7 Databases in 7 Weeks: PostgreSQL, Riak, and Hbase
I decided to purchase this book based on a recommendation by a coworker named Tom. I've finished up with the first 4 chapters and it has been a really good read. I'd highly recommend this book to anyone interested in database technology, or even as a college textbook to help introduce differences among different data stores. The writers have taken great effort in making the book both readable (it's very much like a conversation with an expert) and technical so you can truly begin to understand the different databases and the use cases they support.

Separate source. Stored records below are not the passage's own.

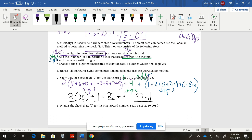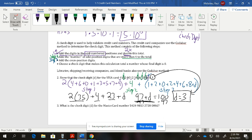Step 4: choose the check digit D so the total ends in zero. We have 97 + D, so the next multiple of 10 is 100. Therefore, 100 − 97 = 3, meaning the check digit for this example is 3. That's how we identify the correct check digit for the last position of this MasterCard number.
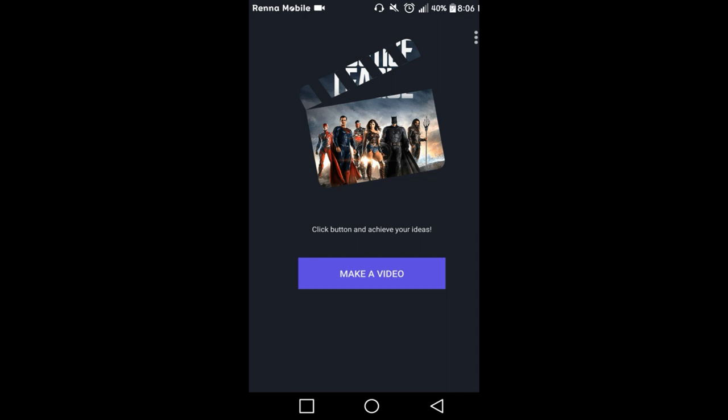Accept the permission. The application needs permission to access phone memory. Accept it and grant permission.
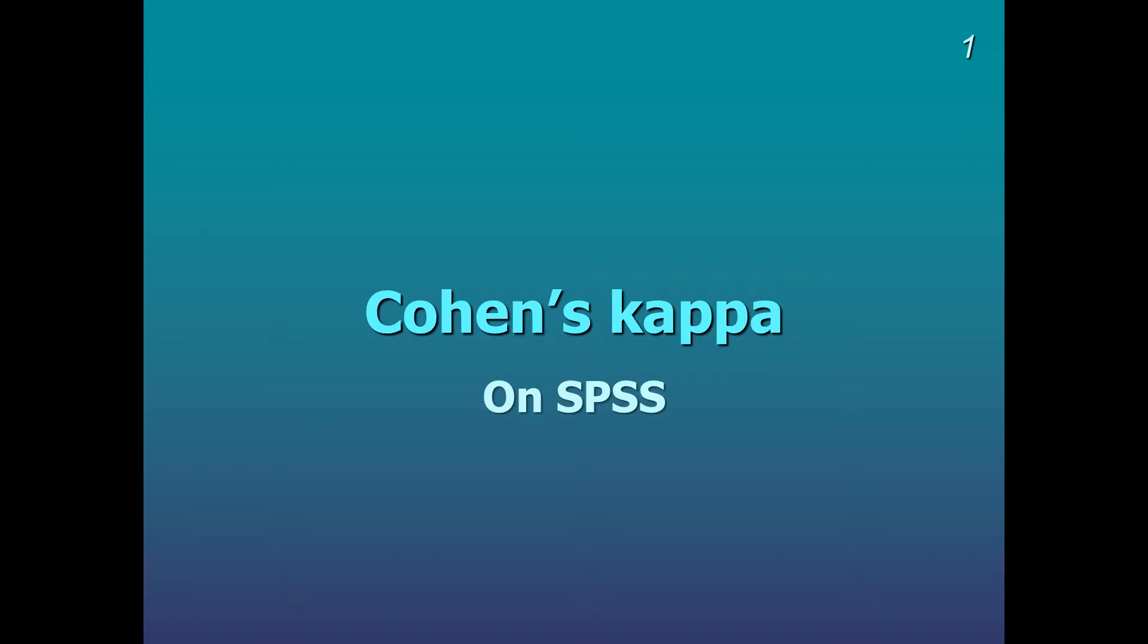Okay, hello everybody, this is Rachel speaking. I'm going to do a demonstration of Cohen's Kappa on SPSS.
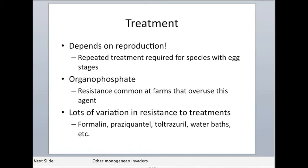Some methods are more creative. In some cases you can kill monogenians with water baths. Essentially, if you have a freshwater fish, you stick it in saltwater for five to ten minutes; if you have a saltwater fish, you stick it in freshwater for the same amount of time. The fish is better able to handle those changes in salinity than the parasites are, so the parasites will die and the fish will recover when returned to the right salinity. This method doesn't work as well with estuary fish that move between freshwater and saltwater all the time, because they and their parasites are both adapted to those salinity changes.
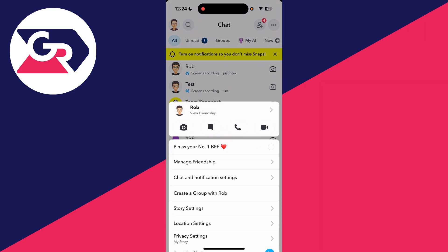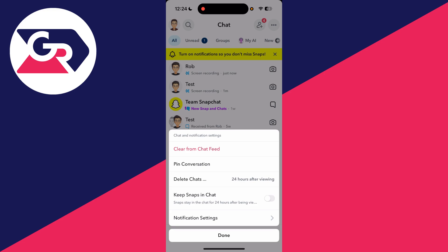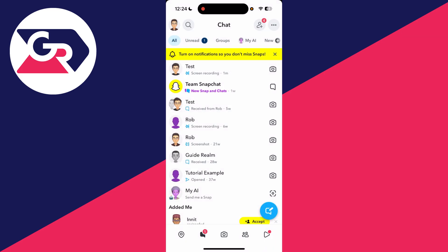To do this, you need to long-hold on the chat. When you do that, you'll get a pop-up and you'll find the option 'Chat and Notification Settings.' Then you can tap 'Clear from Chat Feed.' You'll get a pop-up asking: are you sure you want to clear this conversation?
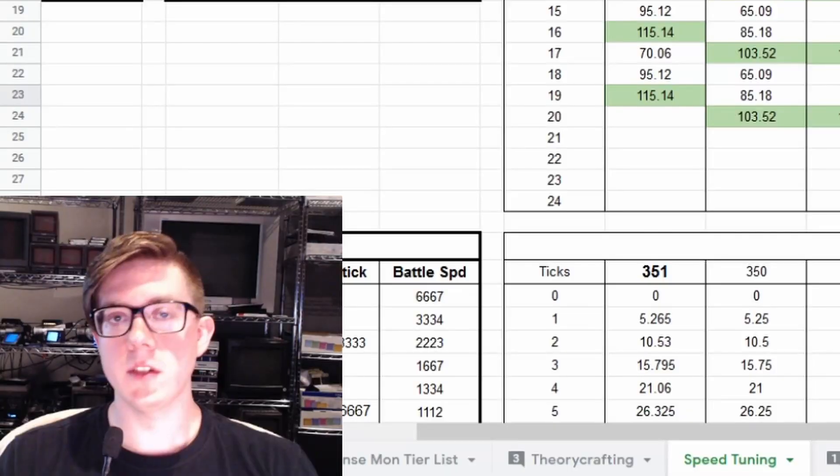Hey everyone, your friendly neighborhood pants is back with another Summoner's War video. Today I want to take a look at 100% crit rate Oracles and how we can speed tune them.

I'll give a very brief summary of each chapter I've read so far with a rating (terrible, bad, okay, good, great) and some of the caveats to getting setup since newer versions of the software have been released since the books publication.
PostgreSQL (Good) — used ubuntu 12.04
I learned a good amount of information from the PostgreSQL section. It covered some basic and advanced SQL topics as well as some cool features within PostgreSQL. Most importantly I learned to look at RDBMS as a set theory based relation to a data is similar relation.

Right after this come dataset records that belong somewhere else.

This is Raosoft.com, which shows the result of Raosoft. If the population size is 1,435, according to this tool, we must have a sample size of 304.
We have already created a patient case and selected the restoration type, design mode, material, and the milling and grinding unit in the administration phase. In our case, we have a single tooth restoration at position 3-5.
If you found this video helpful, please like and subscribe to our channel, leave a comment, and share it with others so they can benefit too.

Coolest piece I learned about PostgreSQL was search and all its plugins. The book walks you through a really cool exercise in getting the db to work with search (does more exact matching) and fuzzy search (approximates searches). It points out the different caveats of each type of search algorithm, and also talks abut Levenshtein distance, which is a cool way to perform string comparison.
In order to get the book database to work out I first created it with the createdb command but then I had to run the following commands to add the needed extensions:
psql book -c "CREATE EXTENSION tablefunc" psql book -c "CREATE EXTENSION dict_xsyn" psql book -c "CREATE EXTENSION fuzzystrmatch" psql book -c "CREATE EXTENSION pg_trgm" psql book -c "CREATE EXTENSION cube"
RIAK (Great) — used ubuntu 12.04
My opinion is pretty biased though because I already knew a good amount about SQL so that section was as exciting/enticing to read. Riak is a key value store that allows you to do map-reduce jobs. It's pretty cool, and really fast. One of the cooler ways I could see it being used for would be a static content server. That way it could serve it all from its cache instead of disk. It would be similar to loading from a technology like memcahced but cooler, because it has a REST api to manipulate its data.
My favorite part of the setup for Riak is that you can over load the CAP theorem, as the book tells you. Meaning, you can fine tune reads and writes on a per request basis. This makes it a very cool and interesting data store. It is also very fault tolerant.
There weren't really any caveats. Below are the commands I ran to get it up and running.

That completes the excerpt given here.